Shares at PSX lose over 700 points in intraday trade – Business

The bears continued their stampede on Tuesday on the trading floor as shares on the Pakistan Stock Exchange (PSX) fell over 700 points in intraday trade.

The benchmark KSE-100 index fell 768.80 points, or 0.66 percent, to 115,486.32 points at 11:04 a.m. from the previous close of 116,255.12.

Awais Ashraf, head of research at AKD Securities, said: “Investors are worried about the impact of the new government law that prevents non-filers from investing in stocks, mutual funds and debt instruments.”

However, he said they did not “foresee this having any impact as the stock markets are well regulated in Pakistan, thanks to the FATF.” [Financial Action Task Force] compliance”.

Additionally, he highlighted that this was “a good time to get into equities as interest rates are expected to fall to single digits” due to a strong external account.

“Falling alternative investment returns are expected to make equities the preferred asset class in 2025,” he added.
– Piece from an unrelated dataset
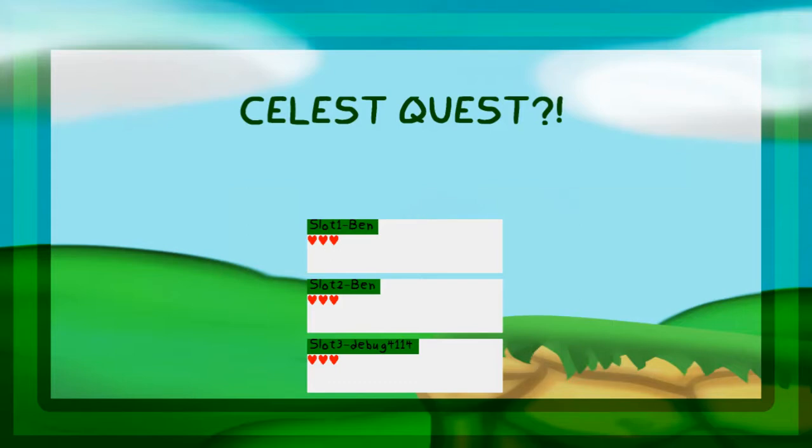Hello everybody, it is Ben with version 4.13 of Celest Quest, and as you can see, there are actual buttons.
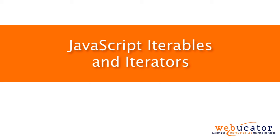Hello, this is Chris Minnick with Webucator. In this video, I'm going to show you JavaScript iterables and iterators.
Yousuf M. Farooq, director of research at Chase Securities, attributed the momentum to the market going through a “profit-taking and correction phase after a significant rally.”

“These moves are a normal part of market cycles after substantial gains,” he said. “However, investor sentiment remains cautious amid reports of rising circular gas debt and higher tariffs for captive power plants.”

The International Monetary Fund (IMF) has called on the government to impose a substantial tax on gas supplies to industrial captive power plants (CPPs) to eliminate any cost benefits between grid power and their internal electricity generation.

Under the $7 billion Expanded Fund Facility (EFF) signed in September last year, Pakistan has to meet one of the major structural benchmarks that required gas disconnections to CPPs by the end of January 2025 to qualify for disbursement of the second of seven $1 funds. tranches of billions in March. The two sides will meet for the first biannual review in the second half of February.

According to Farooq, “the economy is transitioning towards dependence on the national grid, although the full impact of this shift remains uncertain.

“Captive power plants have historically been reliable, well-paying customers for government gas companies. Its transition to the grid should eventually benefit all grid users by improving efficiency and utilization,” he said.

Furthermore, he highlighted that interest rates remained another focal point for market participants.

“While we are optimistic that interest rates could reach single digits over the next year, most participants believe rates will bottom out at around 11 percent, suggesting elevated rates could become the new normal,” he explained.

In addition, he explained that inflation was “expected to increase after March and remain high, which could limit the performance of the stock market in the short term.”

“Historically, inflation has remained low in Pakistan in periods with little or no currency devaluation,” he said.

Against this backdrop, Farooq advised retail investors to look beyond short-term market fluctuations.

“Instead, they should focus on adding small, consistent contributions to their long-term diversified portfolios each month,” he said.

Stocks turned bearish yesterday as the flow of news on political and economic fronts made investors nervous, leading to earnings selling, forcing the benchmark KSE 100 index to close in the red.

One analyst attributed the boost to political uncertainty, and the International Monetary Fund’s (IMF) strict taxes on captive industrial power plants led to institutional profit-taking.